“An LDP win could signal a loss of independence for the Bank of Japan. [Party leader] Shinzo Abe is a vocal critic and wants it to engineer inflation of 3 percent, three times the bank’s current target, by printing unlimited amounts of yen,” David Rea, an economist for research firm Capital Economics, wrote in a note Friday.
“The bank has already come under much political pressure this year to ease monetary policy, and a new government could try to exert even greater influence, including changing the Bank of Japan Act.”
The view that a victory by Abe’s party, which is being seen as all but a given in Japan, would lead to even looser monetary policy, which was supported this week by several statements from the candidate.
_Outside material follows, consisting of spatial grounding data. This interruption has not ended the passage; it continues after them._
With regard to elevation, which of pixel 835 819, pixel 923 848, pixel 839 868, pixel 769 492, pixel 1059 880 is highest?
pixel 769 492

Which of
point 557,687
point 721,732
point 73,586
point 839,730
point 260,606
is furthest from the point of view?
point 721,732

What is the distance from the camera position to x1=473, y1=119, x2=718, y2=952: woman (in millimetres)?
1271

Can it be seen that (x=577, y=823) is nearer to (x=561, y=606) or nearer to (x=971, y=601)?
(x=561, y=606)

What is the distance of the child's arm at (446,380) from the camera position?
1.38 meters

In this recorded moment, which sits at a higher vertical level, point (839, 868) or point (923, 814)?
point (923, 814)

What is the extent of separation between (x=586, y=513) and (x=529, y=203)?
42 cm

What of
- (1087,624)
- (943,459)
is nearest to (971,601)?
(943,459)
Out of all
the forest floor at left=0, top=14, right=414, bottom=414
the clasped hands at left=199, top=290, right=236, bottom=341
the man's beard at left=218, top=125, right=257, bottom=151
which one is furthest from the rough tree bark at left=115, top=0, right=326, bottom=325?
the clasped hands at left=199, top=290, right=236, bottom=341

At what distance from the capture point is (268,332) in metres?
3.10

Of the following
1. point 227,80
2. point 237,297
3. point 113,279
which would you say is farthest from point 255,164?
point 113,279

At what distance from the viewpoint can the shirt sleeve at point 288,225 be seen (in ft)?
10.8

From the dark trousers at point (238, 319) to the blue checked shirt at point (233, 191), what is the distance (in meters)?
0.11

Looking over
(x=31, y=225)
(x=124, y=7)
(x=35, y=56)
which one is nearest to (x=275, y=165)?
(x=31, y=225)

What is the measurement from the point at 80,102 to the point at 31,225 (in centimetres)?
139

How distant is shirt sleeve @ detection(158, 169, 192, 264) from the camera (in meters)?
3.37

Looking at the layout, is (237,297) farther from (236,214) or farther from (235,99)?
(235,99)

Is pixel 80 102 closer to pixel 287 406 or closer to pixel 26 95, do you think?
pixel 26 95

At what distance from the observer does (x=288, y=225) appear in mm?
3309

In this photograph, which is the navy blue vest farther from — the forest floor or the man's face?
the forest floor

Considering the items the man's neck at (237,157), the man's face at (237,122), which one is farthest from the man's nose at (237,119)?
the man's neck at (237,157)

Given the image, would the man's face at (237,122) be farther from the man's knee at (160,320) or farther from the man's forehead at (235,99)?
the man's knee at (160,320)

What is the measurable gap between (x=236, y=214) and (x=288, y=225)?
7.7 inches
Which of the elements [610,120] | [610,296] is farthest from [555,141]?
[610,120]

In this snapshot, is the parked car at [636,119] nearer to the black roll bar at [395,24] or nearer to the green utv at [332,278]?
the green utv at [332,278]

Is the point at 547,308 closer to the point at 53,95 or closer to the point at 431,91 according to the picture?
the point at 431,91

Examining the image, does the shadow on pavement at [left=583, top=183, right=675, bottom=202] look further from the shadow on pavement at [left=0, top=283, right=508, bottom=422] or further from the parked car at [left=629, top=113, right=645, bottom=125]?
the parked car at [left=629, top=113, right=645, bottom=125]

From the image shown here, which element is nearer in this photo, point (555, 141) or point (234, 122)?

Thursday, Abe noted the Japanese central bank should be offering less than zero percent interest on deposits in order to spur consumption, explaining how "if a commercial bank leaves reserves at the BOJ, they get 0.1 percent. ... This is too high.”
Earlier in the week, Abe had noted he advocated the Bank of Japan setting a higher inflation target than its current benchmark of 1 percent “although I'll leave it to the experts to debate whether it should be 2 percent or 3 percent.”
“It must ease unlimitedly to achieve that target. Only then would markets react," he added.
Indeed, markets were already reacting to Abe’s words and the scenario they foretold, with stocks and bonds in Tokyo rising on a dramatically weaker yen over the past two days.
On Thursday, the yen saw its sharpest drop in six months as the yen-to-dollar exchange rate jumped above ¥81 for the first time since April 27.
The currency's move helped nudge the Nikkei Stock Average of 225 companies up 1.9 percent to 8g,829.72, while long-dated bonds saw a similar rally.
“The market is salivating over the free money," said Nicholas Smith, an equity strategist at Hong Kong-based brokerage CLSA told the Wall Street Journal.
Not everyone was ready to jump on the rally wagon, however, with some questioning how much monetary easing would actually be a benefit to Japan -- the previous rounds have fallen woefully short of expectations, and the last, eighth iteration caused rates to rise when it was announced -- given other considerations.
Among other things, analysts are worried Abe’s party, which is more nationalistic than the party atop the current government, could worsen relations with China, already at a low following territorial and commercial disputes. There’s also the fact that further easing and the loss of central bank independence could be seen by markets as a sign the Japanese government is monetizing its debt.
Noting the sudden drop in the yen Thursday, Jens Nordvig, global head of G10 strategy at Nomura Securities in New York, told Reuters his firm had “been positioned for this trade in both spot and options.
“The question now is how to balance short-term and medium-term considerations," he said.